# Menton Day 2011



## Trip_Wire (Nov 26, 2011)

Menton Day Ball 2011

The Commanders of the 1st Special Forces Group (Airborne) and Canadian Special Operations Regiment cordially invite you to the 2011 Menton Ball.

On 09 December 2011 at 1730 at the Clover Park Technical College, Lakewood WA

Uniform:

Formal – Dress Mess/ Blues or Class A with white shirt and bowtie / Tux/Suit/SFA Dress Uniform

The Menton Ball: Please RSVP by 21 November 2011

RSVP CW2 Rajala at timothy.rajala@soc.mil or (253) 966-0123.
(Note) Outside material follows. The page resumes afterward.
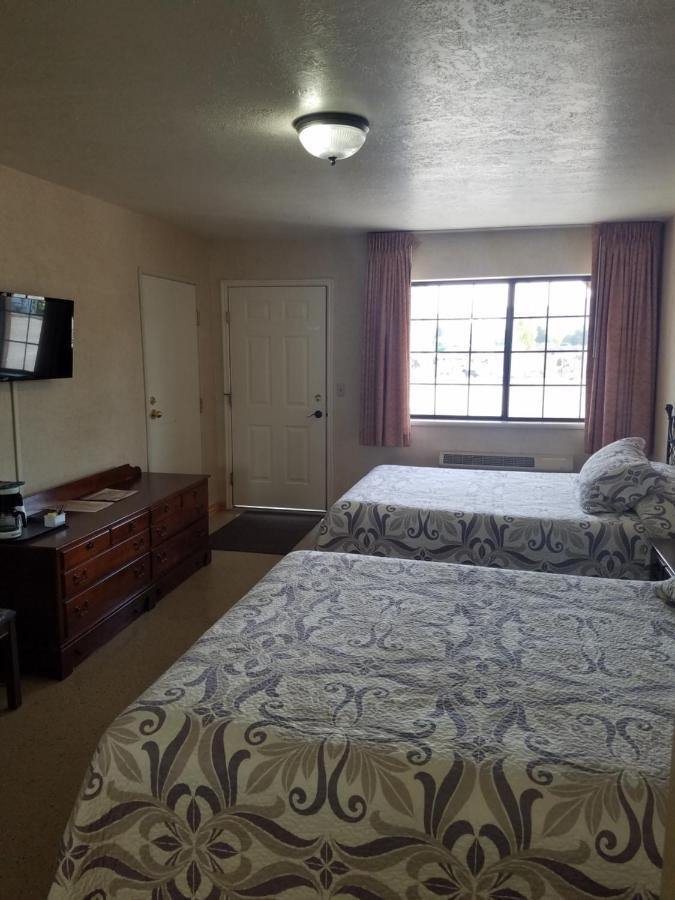 Butch Cassidy'S Hideout Motel Circleville Buitenkant foto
http://maps.google.com/maps/place?u...t&ct=map-marker-link&resnum=1&ved=0CCwQrwswAA


----------



## LibraryLady (Nov 28, 2011)

LOL  Now I don't have to find the email to RSVP.  The Troll expects me to get into a monkey suit and get dolled up, sigh...  

LL


----------



## Trip_Wire (Nov 29, 2011)

LibraryLady said:


> LOL Now I don't have to find the email to RSVP. The Troll expects me to get into a monkey suit and get dolled up, sigh...
> 
> LL


 
Diane and I will not be attending this year, We have a conflict with the 1st Cavalry NW Chapter Christmas party early the next morning. We have to P/U a couple of members who no longer drive and its being held in Rainier, WA., a considerable drive from their homes.


----------



## LibraryLady (Nov 30, 2011)

Trip_Wire said:


> Diane and I will not be attending this year...


 
  I'm sorry you're not attending, but good on ya for chauffeuring.

LL


----------



## Trip_Wire (Dec 1, 2011)

LibraryLady said:


> I'm sorry you're not attending, but good on ya for chauffeuring.
> 
> LL


 
It will also save me from wearing my Tux and getting all 'gussied up.'


----------



## x SF med (Dec 1, 2011)

We have out tickets set aside...  just need to put away the raffle $$   Troll needs an AR or an M&P...  or both


----------



## medicchick (Dec 1, 2011)

Pic of Troll gussied up or it didn't happen.


----------



## LibraryLady (Dec 2, 2011)

medicchick said:


> Pic of Troll gussied up or it didn't happen.


 
snork.  He's a peacock... he LIKES to get gussied up!  

LL


----------



## medicchick (Dec 2, 2011)

Bwahahahah


----------



## backcountrybase (Dec 2, 2011)

.


----------



## Trip_Wire (Dec 3, 2011)

Menton Week schedule.


----------



## BearW (Dec 3, 2011)

That looks really good. I'll be there with bells on! shall we start taking bets on the halo jump accuracy? Loser buys beers and 'price is right' rules in effect.


----------



## backcountrybase (Dec 3, 2011)

.


----------



## Rabid Badger (Dec 4, 2011)

LibraryLady said:


> snork. He's a *penguin*... he LIKES to get gussied up!
> 
> LL


 
Fixed that mis-quote for ya... ;)


----------



## LibraryLady (Dec 5, 2011)

RB said:


> Fixed that mis-quote for ya... ;)


 
Ahh... thanks, RB, what would I do without ya?  I'm sure the Troll appreciates you making that change.  ;)

LL


----------



## x SF med (Dec 5, 2011)

backcountrybase said:


> Looks like I'll be missing it again. For all those that make it enjoy! I'm sure I'll get to hear some more good stories from this year..


 
I'll make sure Bear brings you back a beer...  it may be used though...  friggin Canuks....


----------



## x SF med (Dec 6, 2011)

BearW said:


> That looks really good. I'll be there with bells on! shall we start taking bets on the halo jump accuracy? Loser buys beers and 'price is right' rules in effect.


 
so you guys are going to have bells on your Santa suits this year?:ehh:    We just have party shirts (yes, the boss has designed and is sewing my party shirt)...  the bell thing is a little outre, even for you homos, isn't it?  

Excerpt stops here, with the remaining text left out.